Extracted records.
####
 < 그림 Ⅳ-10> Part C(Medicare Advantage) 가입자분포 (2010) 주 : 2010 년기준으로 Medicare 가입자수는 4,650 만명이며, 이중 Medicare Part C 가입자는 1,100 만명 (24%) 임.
####
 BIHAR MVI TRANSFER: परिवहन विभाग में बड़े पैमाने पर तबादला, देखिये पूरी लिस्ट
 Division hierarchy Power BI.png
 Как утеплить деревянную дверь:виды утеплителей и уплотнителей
####
What to produce. Where the listing above has a line with "BIHAR MVI TRANSFER: परिवहन", start there, and output every line exactly through the line with "Как утеплить деревянную", which is also included.

Answer section.
 BIHAR MVI TRANSFER: परिवहन विभाग में बड़े पैमाने पर तबादला, देखिये पूरी लिस्ट
 Division hierarchy Power BI.png
 Как утеплить деревянную дверь:виды утеплителей и уплотнителей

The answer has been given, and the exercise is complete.